TASK DIRECTIONS —
Repeat the data exactly, leaving out any image.

------------------------------------------------

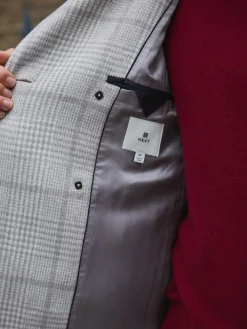 Next Grey Wool Blend Soft Touch Check Pea Coat^ Coats & Jackets|Coats & Jackets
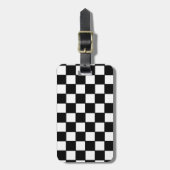 Checkerboard in zwart-wit bagagelabel (Voorkant verticaal)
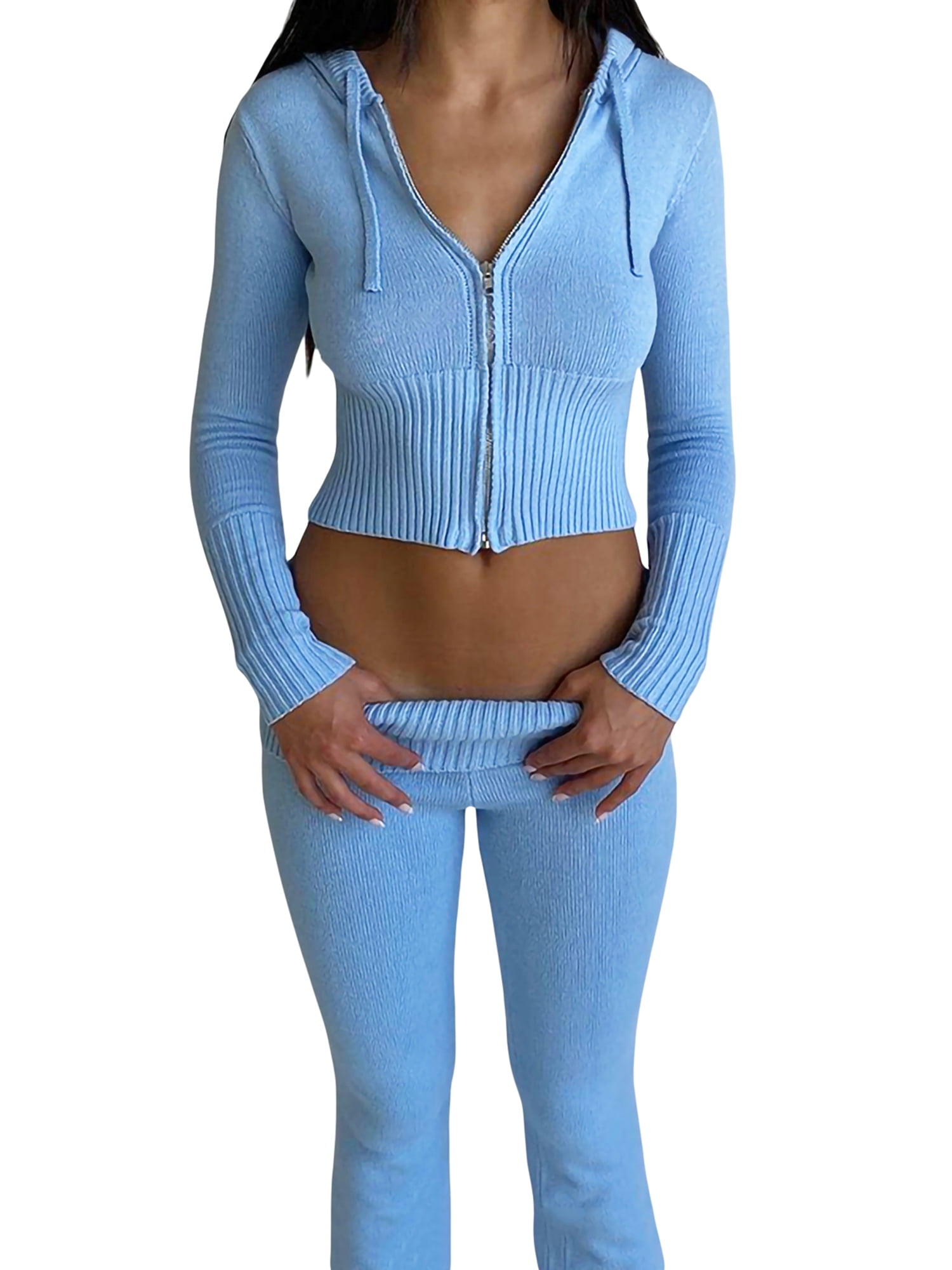 Gwiyeopda Y2k Knit 2 Piece Outfit Zip Up Long Sleeve Hooded Crop Pants  Tracksuit Lounge Sets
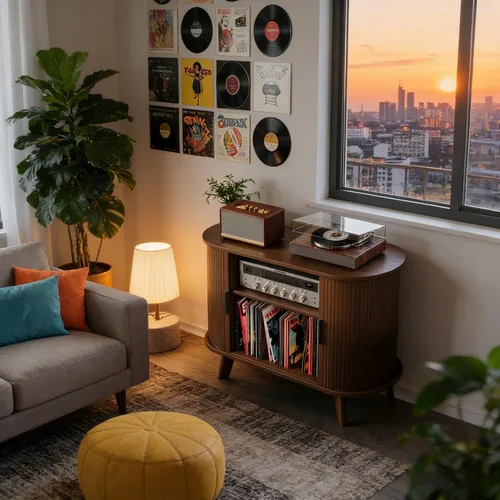 Miniatura 9 de Soporte para tocadiscos, mueble moderno de mediados de siglo con puertas correderas, gabinete de estantería de audio-video, soporte de medios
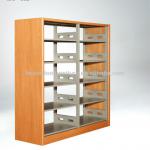 New style steel and wood library furniture,modern public office bookshelf,bookcase,book rack-SB-5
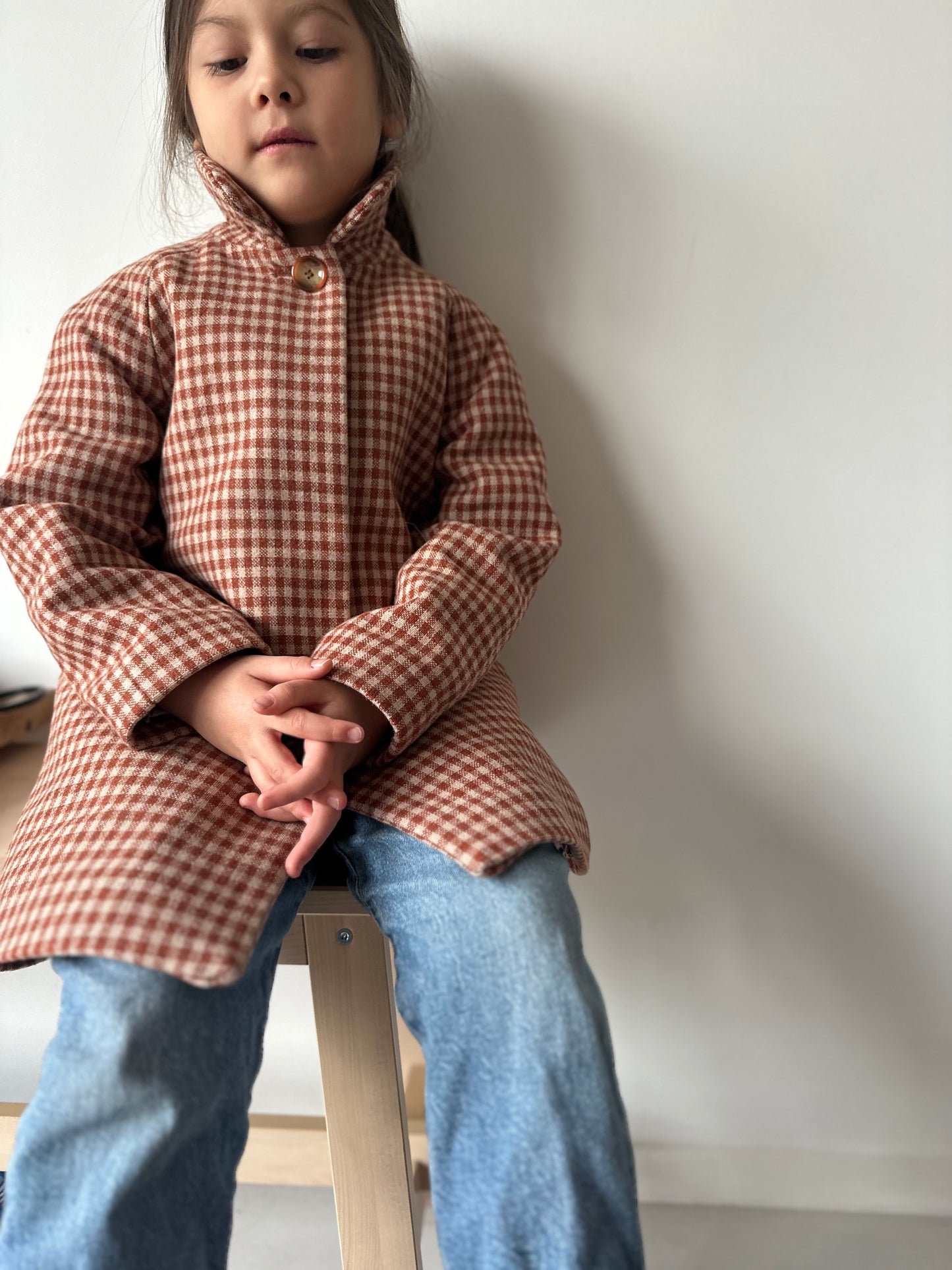 Marelle紅格子鐘型圓領羊毛大衣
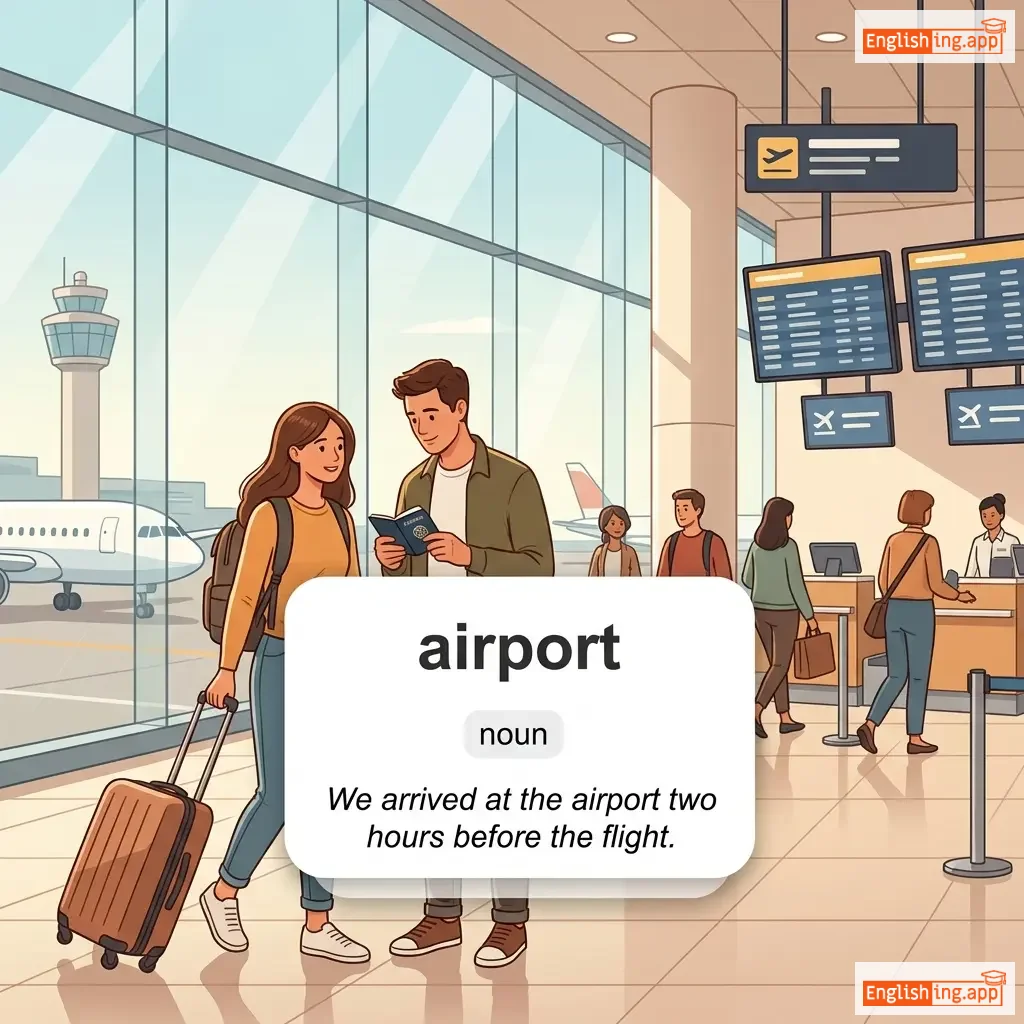 airport definition card — visual illustration of the meaning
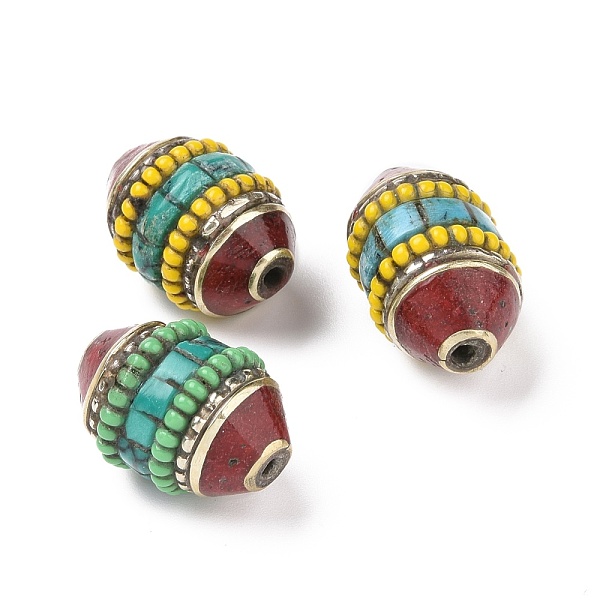 PandaHall Handmade Tibetan Style Beads, with Brass Findings and Synthetic Turquoise, Oval, Antique Silver, Mixed Color, 19~21.5x13~13.5mm..., Multicolor
PandaHall Handmade Tibetan Style Beads, with Brass Findings and Synthetic Turquoise, Oval, Antique Silver, Mixed Color, 19~21.5x13~13.5mm..., Multicolor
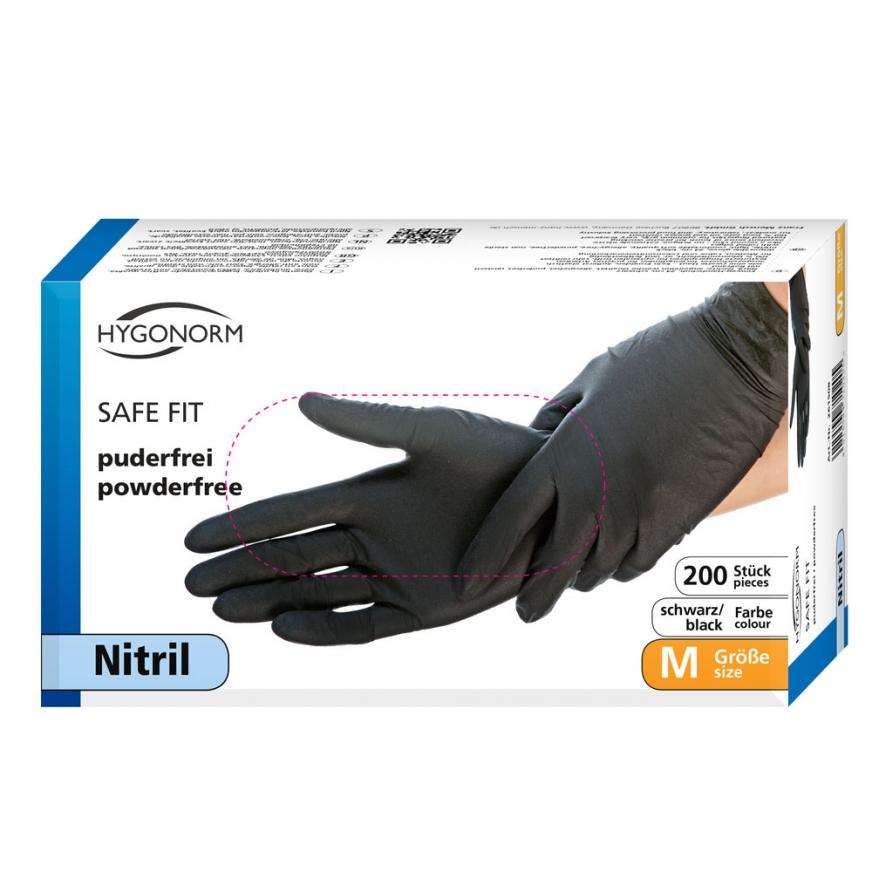 Nitrilové rukavice "Safe Fit Black" | bez púdru | 100 ks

------------------------------------------------

WRITTEN RESPONSE —
 Next Grey Wool Blend Soft Touch Check Pea Coat^ Coats & Jackets|Coats & Jackets
 Checkerboard in zwart-wit bagagelabel (Voorkant verticaal)
 Gwiyeopda Y2k Knit 2 Piece Outfit Zip Up Long Sleeve Hooded Crop Pants  Tracksuit Lounge Sets
 Miniatura 9 de Soporte para tocadiscos, mueble moderno de mediados de siglo con puertas correderas, gabinete de estantería de audio-video, soporte de medios
 New style steel and wood library furniture,modern public office bookshelf,bookcase,book rack-SB-5
 Marelle紅格子鐘型圓領羊毛大衣
 airport definition card — visual illustration of the meaning
 PandaHall Handmade Tibetan Style Beads, with Brass Findings and Synthetic Turquoise, Oval, Antique Silver, Mixed Color, 19~21.5x13~13.5mm..., Multicolor
PandaHall Handmade Tibetan Style Beads, with Brass Findings and Synthetic Turquoise, Oval, Antique Silver, Mixed Color, 19~21.5x13~13.5mm..., Multicolor
 Nitrilové rukavice "Safe Fit Black" | bez púdru | 100 ks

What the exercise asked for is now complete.